So exit is managed elsewhere ?
In that case, maybe there is coverage IJ gives, that REPx does not
Can REPx early-exit via SW ?

From the Prop Docs

The instruction-block repeater will quit repeating the block if a branch instruction executes
within the block, or if a JMPTASK instruction affects the task which is using the repeater.

cgracey · 2014-02-22 19:19

IJZ/IJZD/IJNZ/IJNZD are gone now. I shuffled a few things around and put the COGRUN/COGRUNX instructions into D/#,S/# form, so that the cog can be indicated by either a variable or a constant. Because the new cog-starting instructions pack two 16-bit address into 32-bit D, the cog number no longer needs to be imbedded into the instruction to create an atomic operation. This simplified decoding somewhat, too.

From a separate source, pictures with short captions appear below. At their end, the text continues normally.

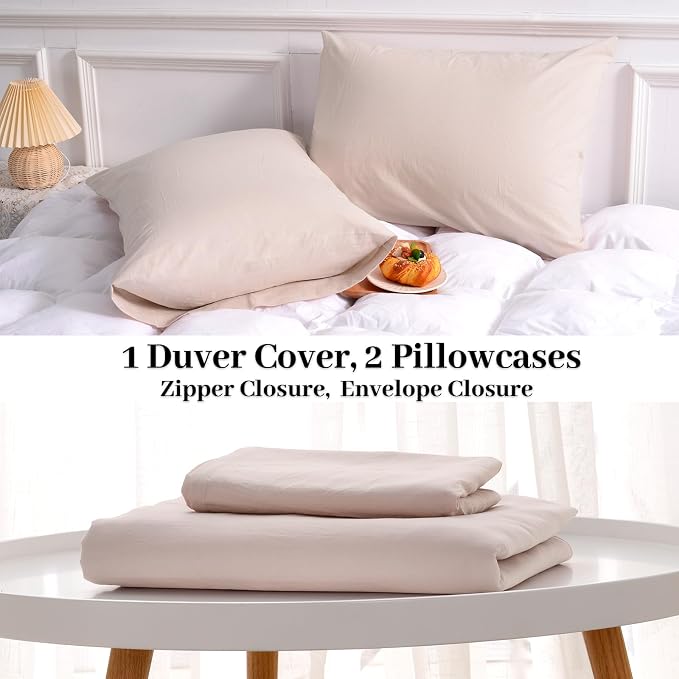NEXHOME PRO Duvet Cover Set Kids Twin Size, Organic Natural 100% Washed Cotton - Image 9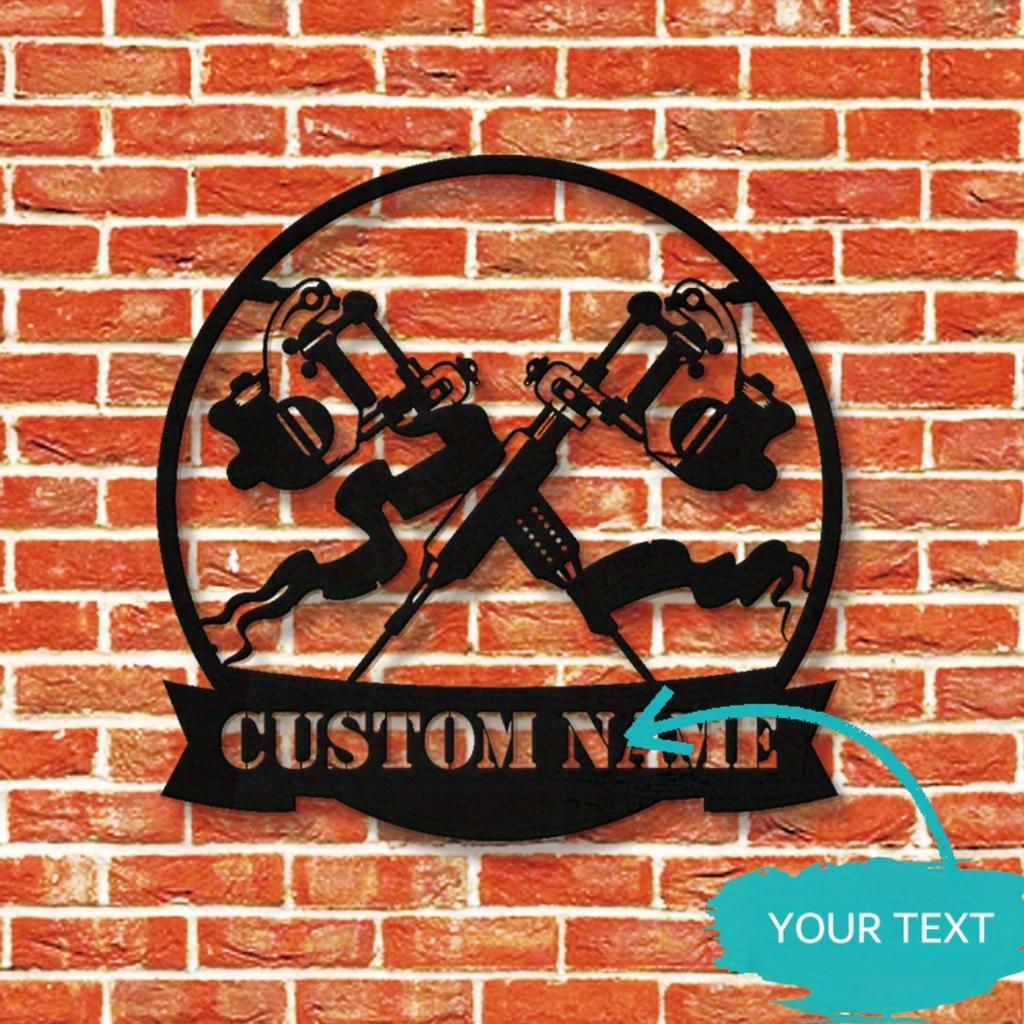 Décoration Murale Métallique Art du Tatouage Personnalisé, Plaque Personnalisée pour Studio, Cadeau Unique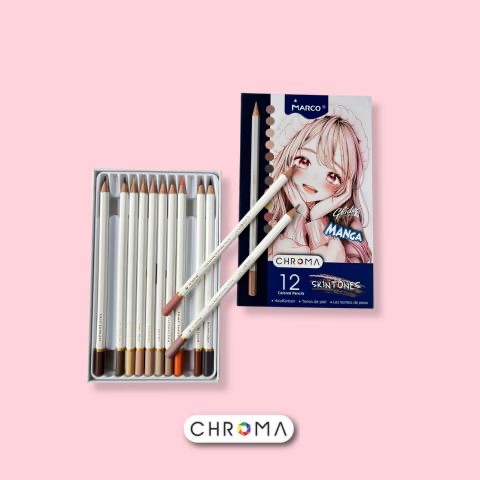 Chì Màu MARCO CHROMA Manga Skintone E2556-12CB Hộp 12 Màu Vẽ Anime, Truyện Tranh, Chân Dung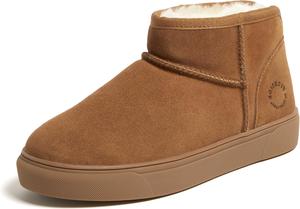 Женские тапочки-ботинки Dearfoams Fireside Bathurst с овчиной, водоотталкивающие, прочные, с подошвой из пены с эффектом памяти, Chestnut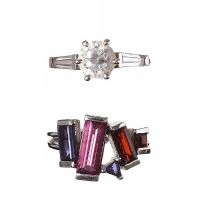 TWO 9CT WHITE GOLD RINGS at Ross's Online Art Auctions
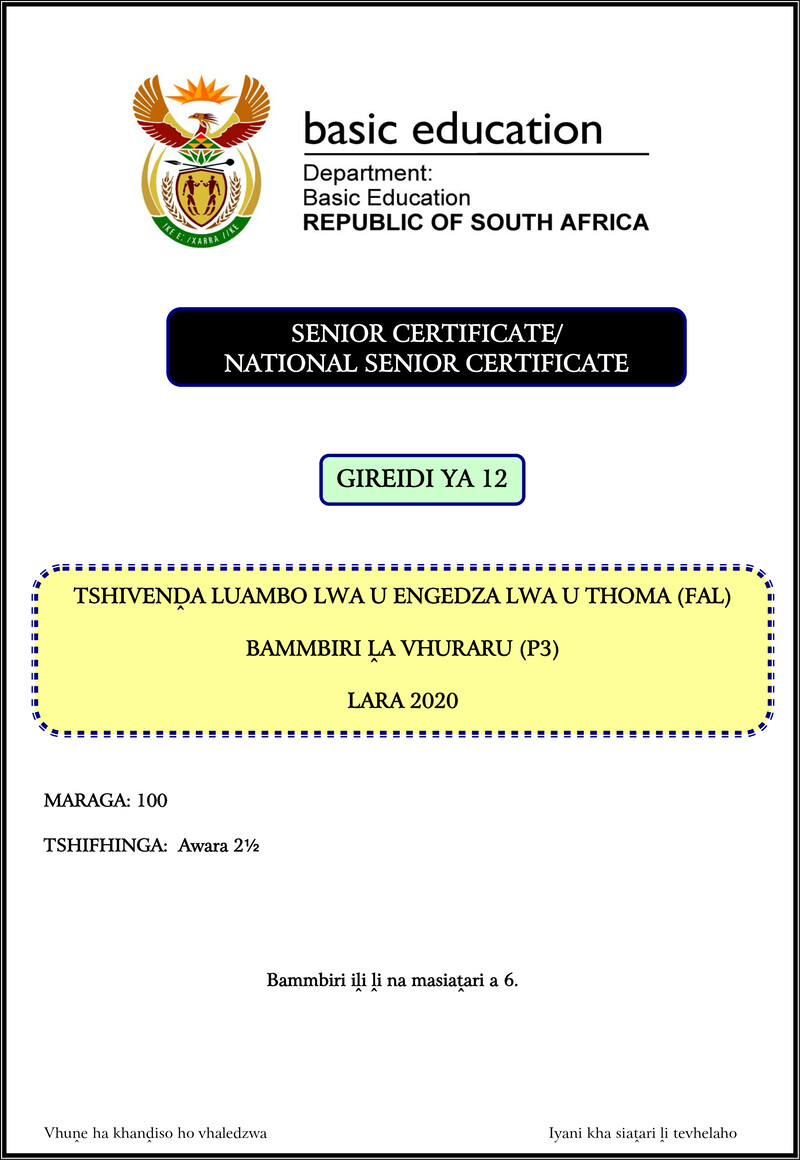 Tshivenda Fal P3 Nov 2020 Gr12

There's room for an 'INCJMP D,S/@' instruction. This is a few gates to add. I'll try to get it in tonight. What about a 'DECJMP D,S/@' instruction? Is that useful? I think these instructions are only useful when preceded by a condition.

cgracey · 2014-02-22 19:21

jmg wrote: »

I forget, did REPx get a counter per thread in the end ?

Yes.

cgracey · 2014-02-22 19:25

Wouldn't IJNZ (increment and jump if not 0) practically be the same as INCJMP (or IJ). At 32 bits, you're unlikely for IJNZ to not branch.

This idea of modifying D and always jumping is interesting, though. Are there any other useful possibilities? How about SHRJNZ?

ozpropdev · 2014-02-22 19:33

cgracey wrote: »

Wouldn't IJNZ (increment and jump if not 0) practically be the same as INCJMP (or IJ). At 32 bits, you're unlikely for IJNZ to not branch.

This idea of modifying D and always jumping is interesting, though. Are there any other useful possibilities? How about SHRJNZ?

XXXJMP may have combinations that would benefit high speed USB drivers? (Cluso?).

jmg · 2014-02-22 19:34

cgracey wrote: »

Wouldn't IJNZ (increment and jump if not 0) practically be the same as INCJMP (or IJ). At 32 bits, you're unlikely for IJNZ to not branch.

True, but it would make for rather confusing source code - an IJNZ that was designed to never reach 0

cgracey · 2014-02-22 19:48

jmg wrote: »

True, but it would make for rather confusing source code - an IJNZ that was designed to never reach 0

I was forgetting that I just got rid of the IJZ/IJZD/IJNZ/IJNZD instructions. So, they can't help Tubular anymore, anyway.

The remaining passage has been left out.